31/07/2014 07:05 - Valor Econômico
EDITORIAL
A aviação civil brasileira deu um salto de qualidade e
quantidade nas última década. De 2003 em diante, o crescimento médio da demanda
chegou a dois dígitos, tanto nas rotas domésticas quanto internacionais e, em
2012, as companhias aéreas bateram o recorde de 100 milhões de passageiros
transportados. As empresas pioneiras saíram de cena (Transbrasil, Vasp e
Varig)), dando lugar a companhias com sólidas posições de mercado, embora com balanços
sempre sujeitos à turbulências, especialmente do câmbio. O crescimento intenso
do setor ocorreu sem subsídios, que já fizeram parte por bom tempo da história
do transporte aéreo no país. Os subsídios serão agora ressuscitados para dar
impulso à aviação regional, segundo Medida Provisória de 25 de julho, que cria
o Programa de Desenvolvimento do setor.
A MP apenas autoriza o governo a conceder subsídios para
rotas regionais, depois de listar os objetivos do programa, basicamente os de
integrar comunidades isoladas e aumentar o acesso da população ao sistema de
transporte aéreo. Será coberto "parte dos custos" de voos nas rotas
regionais, atendendo a critérios como o aeroporto atendido, o número de
passageiros transportados e os quilômetros voados. Para isso, serão utilizados
recursos do Fundo Nacional da Aviação Civil.

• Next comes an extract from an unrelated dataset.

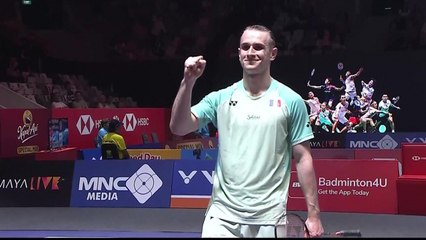 Alex Lanier file en quart de finale - Badminton - Open d'Indonésie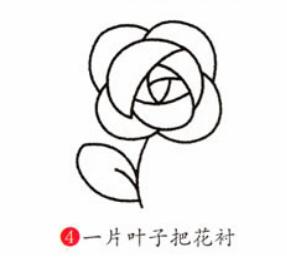 玫瑰花简笔画怎么画(图解步骤)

A parte mais substantiva da MP será regulamentada por
decretos, que estabelecerão condições gerais para concessão, vigência, controle
e critérios de prioridade das subvenções. Todo cuidado com subsídios é pouco, e
boas intenções muitas vezes serviram para criar distorções econômicas
importantes e duradouras. Sempre há espaço para surpresas e elas acompanharam o
anúncio dos incentivos.
Algumas rotas regionais que já são hoje exploradas com
sucesso pela aviação comercial terão direito a subsídios, informa "O
Globo" (29 de julho). Não é preciso ser especialista para se saber que
isso não faz o menor sentido. A malha aeroviária se estendeu desde 1964, quando
subsídios de Cr$ 18 bilhões chegaram a corresponder até 18% das receitas totais
das empresas de então, Cruzeiro, Varig, Vasp e Transbrasil. Oito anos depois,
as subvenções minguaram e desapareceram depois.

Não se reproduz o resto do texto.